I think so far my favourite "discovery" (because don't be fooled by the sprinkling of houses, we were DEFINITELY the only people in the world by the time we arrived...well, us and the goat) is a place called Makara Beach, about 20/30 minutes out of the city.  A stunning place, that suits us both perfectly as it's beach (for me!) surrounded by hills (for Mr T), topped off by a small river estuary.  We (Mr T) even heroically saved the life of a storm battered shark there!!!  (*disclaimer, apparently if you want to talk in real terms it was a dog fish who may/must've (ie: it's a mystery) been dropped by a fisherman).  We need to go back and explore it further as, though the sun was shining, it was still a tad too windy for the cliff walk that would've taken us to the WW2 gun emplacements and then onto the, clearly well positioned, wind farm.


We've also had a little jaunt slightly further afield up to Palmerston North, where we learnt that it is imperative, if you go exploring in anyway here to bring your walking boots with you!  (No matter how mild you intend your Bear Grills impersonation being.) 

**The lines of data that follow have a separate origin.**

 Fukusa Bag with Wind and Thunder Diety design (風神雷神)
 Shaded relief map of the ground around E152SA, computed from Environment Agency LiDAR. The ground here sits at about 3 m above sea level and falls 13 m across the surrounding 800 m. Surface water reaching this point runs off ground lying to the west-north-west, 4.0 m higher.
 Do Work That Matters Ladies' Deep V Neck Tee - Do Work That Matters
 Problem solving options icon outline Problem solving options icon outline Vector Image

There were some lovely, naughty individuals who ignored our request of no wedding presents and instead bought us some vouchers, giving us something to do when we got here.  One of these was for a massage up in PN, so it seemed rude not to celebrate our new car and our month anniversary with a mini break and a massage.   It was a blissful and slothernly escape, as it should be, and one I think we'll have to do again (with the boots and with out the massage bliss bubble) to enable us to discover sites like, "The Bridge to Nowhere" and the rest of Manawatu Gorge.  As it is we got home just in time, for storm number 2 which saw all of the roads in/out of the area PN is in closed due to the rain and more wind (a mere breeze at 165km/hr) etc...but this also meant that we could do a bit more furniture shopping and order our sofas (including one EXTREMELY comfortable sofa bed, thus completing your bedroom ready for when you get here) and reclaim our lounge floor from aaaaallllllll our DVD's and CD's (while reminiscing about how laughably eclectic that collection is!)

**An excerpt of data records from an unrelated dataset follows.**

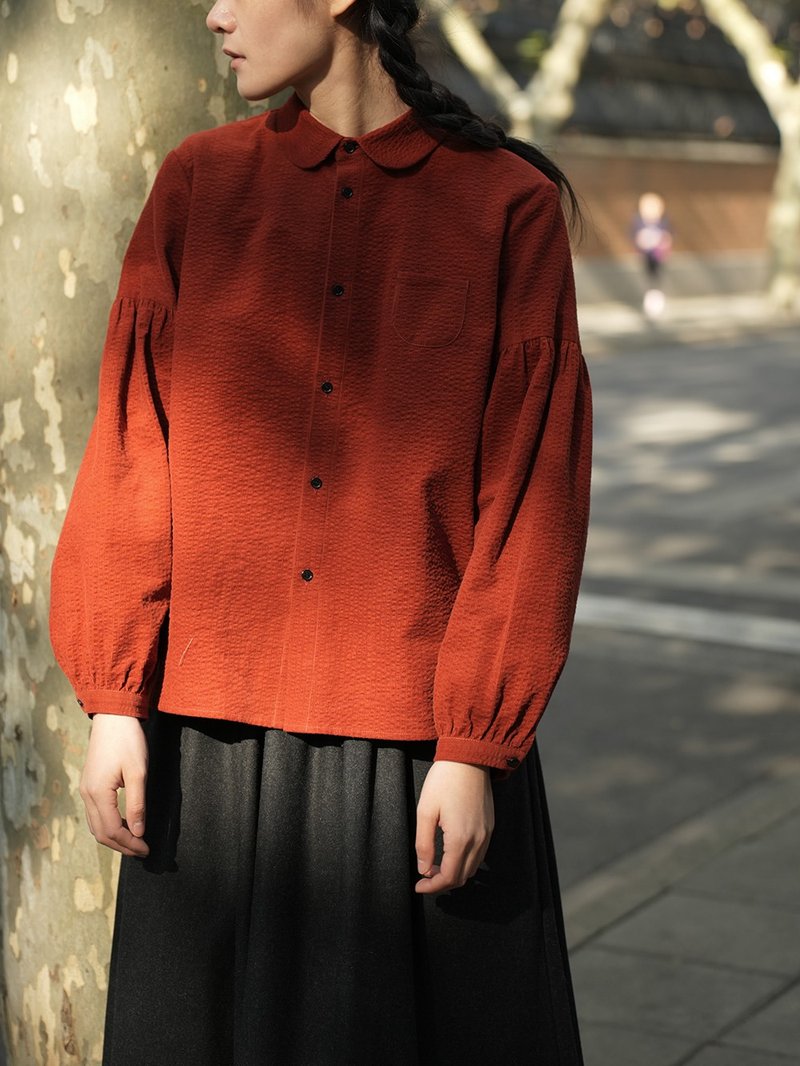 Retro washed striped corduroy small round neck age-reducing lantern long sleeves autumn and winter - Women's Tops - Cotton & Hemp Orange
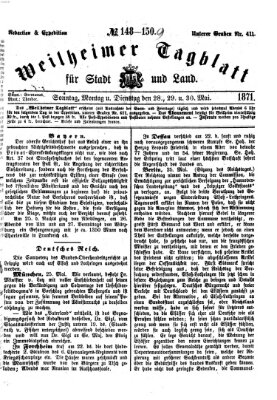 Weilheimer Tagblatt für Stadt und Land Dienstag 30. Mai 1871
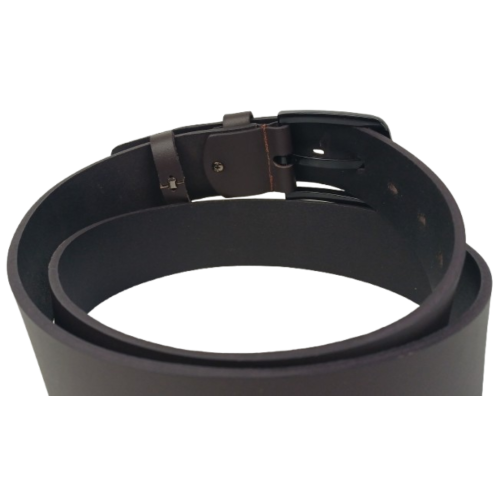 Широкий мужской ремень под джинсы Skipper темно-коричневый 4,5 см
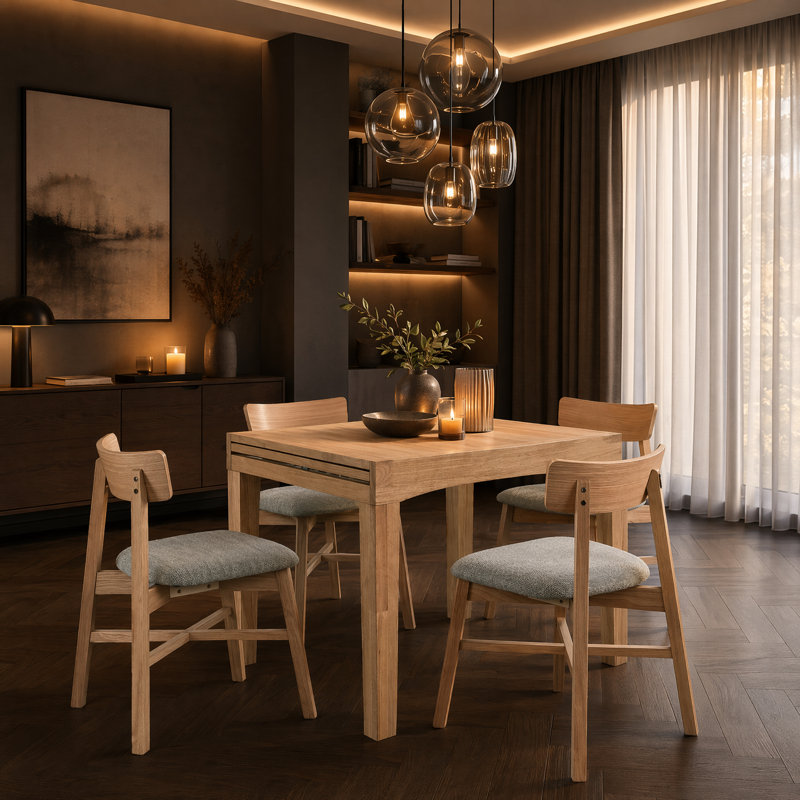 Extendable Solid Wood Dining Set, Tan, 4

The following weeks bought work interviews, jazz shows, (more) massages, cocktail nights, lunches, dinners, bike buying (and desperately trying to remember how to ride-ing), as well as fire dancing, stilt walking, Maori (Te Reo) and Bobbi Brown beautifying lessons, some cinema outings (Oh yeah, why cinema is better here....it's half the price, even for the expensive seats, 3D is actually 3D, you get to sit in actual real life La-Z-boys and have waiter service drinks and even meals bought to you.  I bet their pop corn isn't made of card board either) and earthquakes.  Lots of earthquakes.  At the last official count I saw we were at 1,500 (http://www.geonet.org.nz/), but there've been plenty since then too.  I don't envy the person in charge of keeping score, let's not distract them!

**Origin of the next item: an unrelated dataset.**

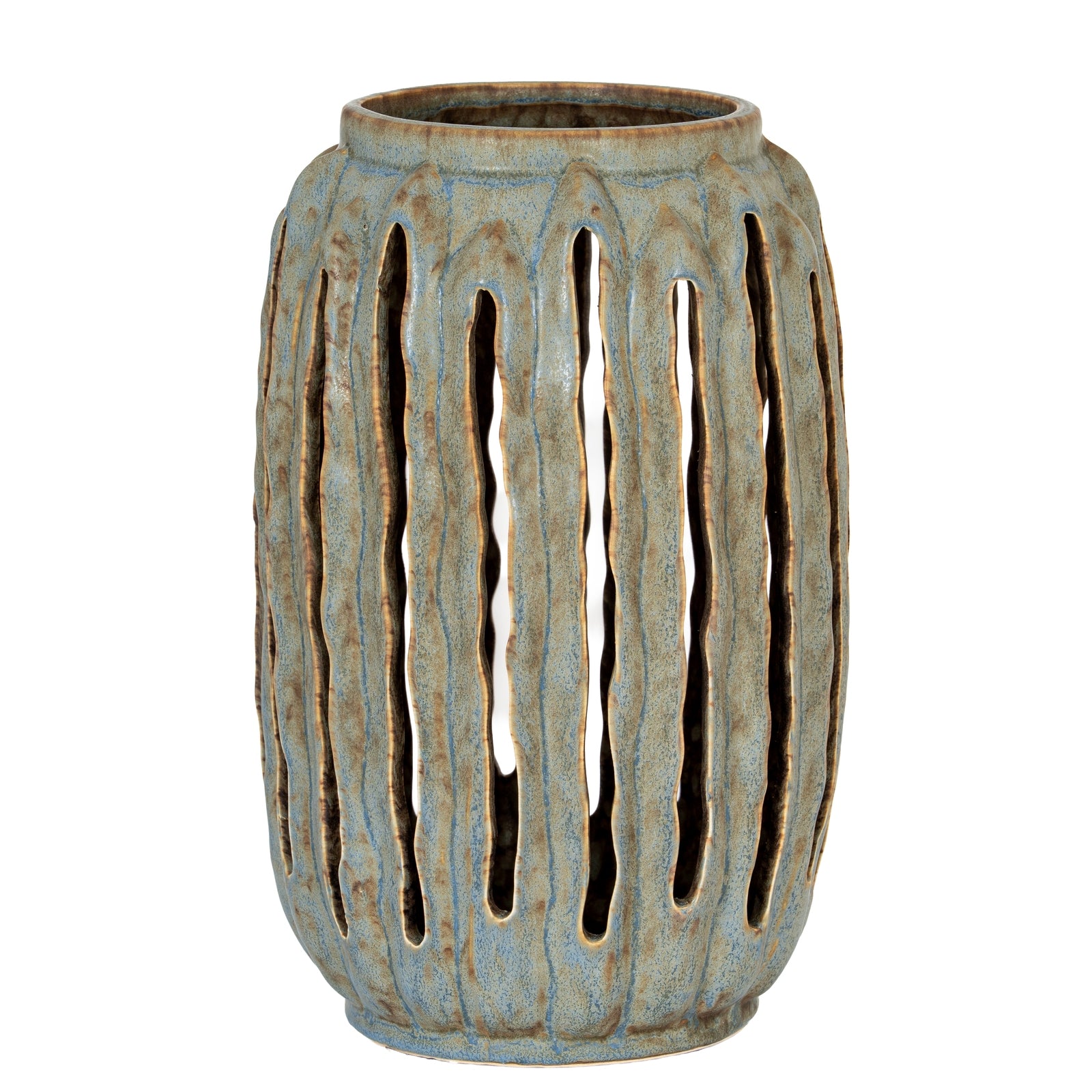 Ceramic vase with textured design on a white background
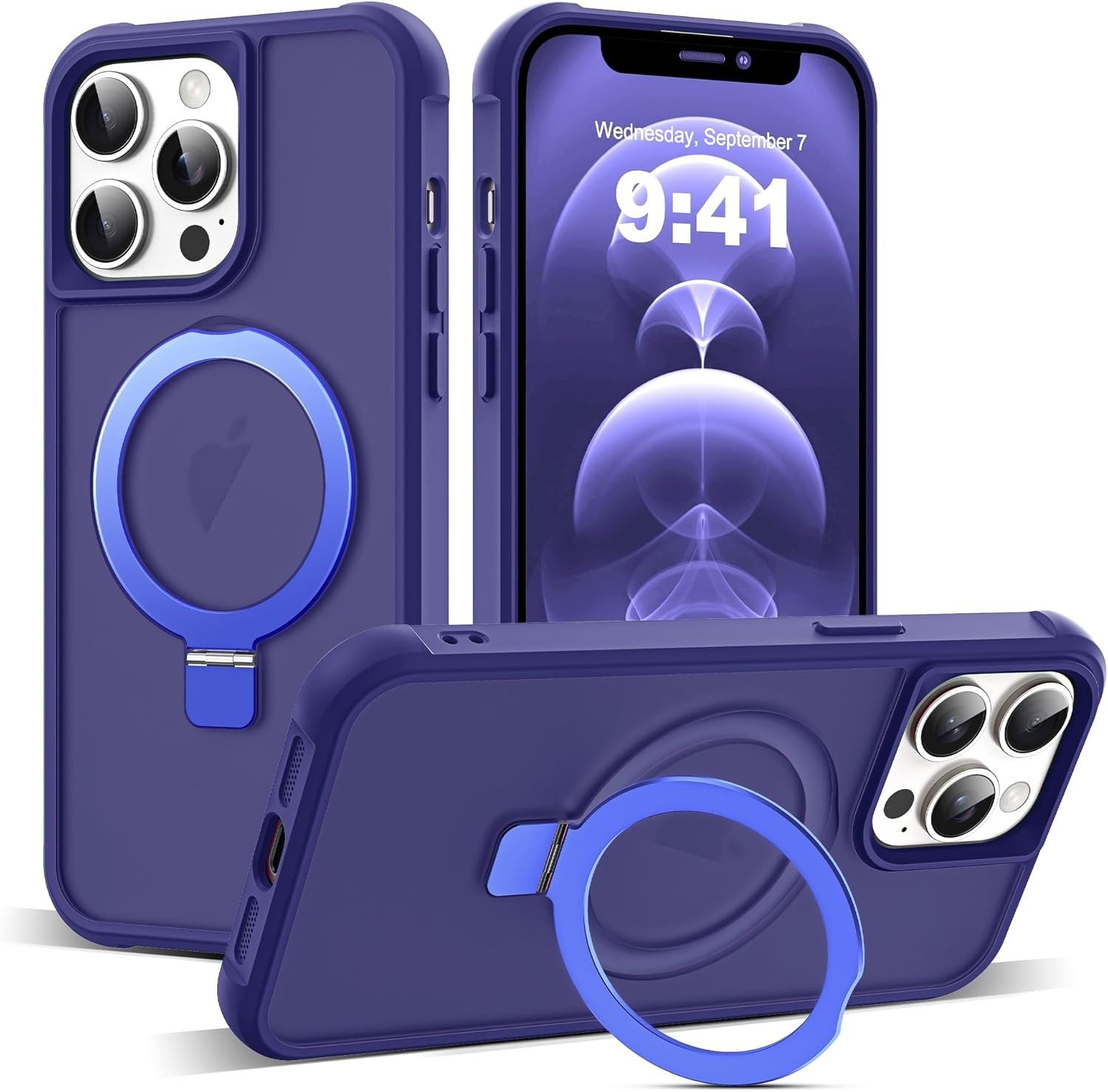 iPhone 12 Pro Max & 13 Pro Max Magnetic O-Ring Stand Case – Translucent Shockproof MagSafe Compatible Cover – Navy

The first quake we felt was a bit bizarre really and by the time we'd had our very Surrey conversation about how, it couldn't be a big truck passing (duh you live on the 7th floor guys, how big do they make trucks here?!) and wasn't it a bit of an inconvenience because we (Mr T) had eggs on the hob but we supposed we'd best get under a door way, it had stopped.  We didn't really feel any of the subsequent aftershocks until Sunday....which is lucky because Saturday was stilt walking class day and I'm not convinced that would've made for a winning combination!  What you could feel was a strange feeling of sea sickness though, like you're body knows it's being shaken around even if you're not consciously aware of it.  Sunday put pay to that though and made sure we were very much aware, starting with a rude awakening at around 7am, shaking us straight out of bed and under the door way.  The lack of conversation this time though may've been more about the hour!  Despite the loss of a reed diffuser the novelty factor was still seeing us through- mostly as we tried to work out just how the reeds had made such a ninja-like protest at their impending demise that they ended up spread between two rooms, over the breakfast bar and even with one hanging out of our loft hatch!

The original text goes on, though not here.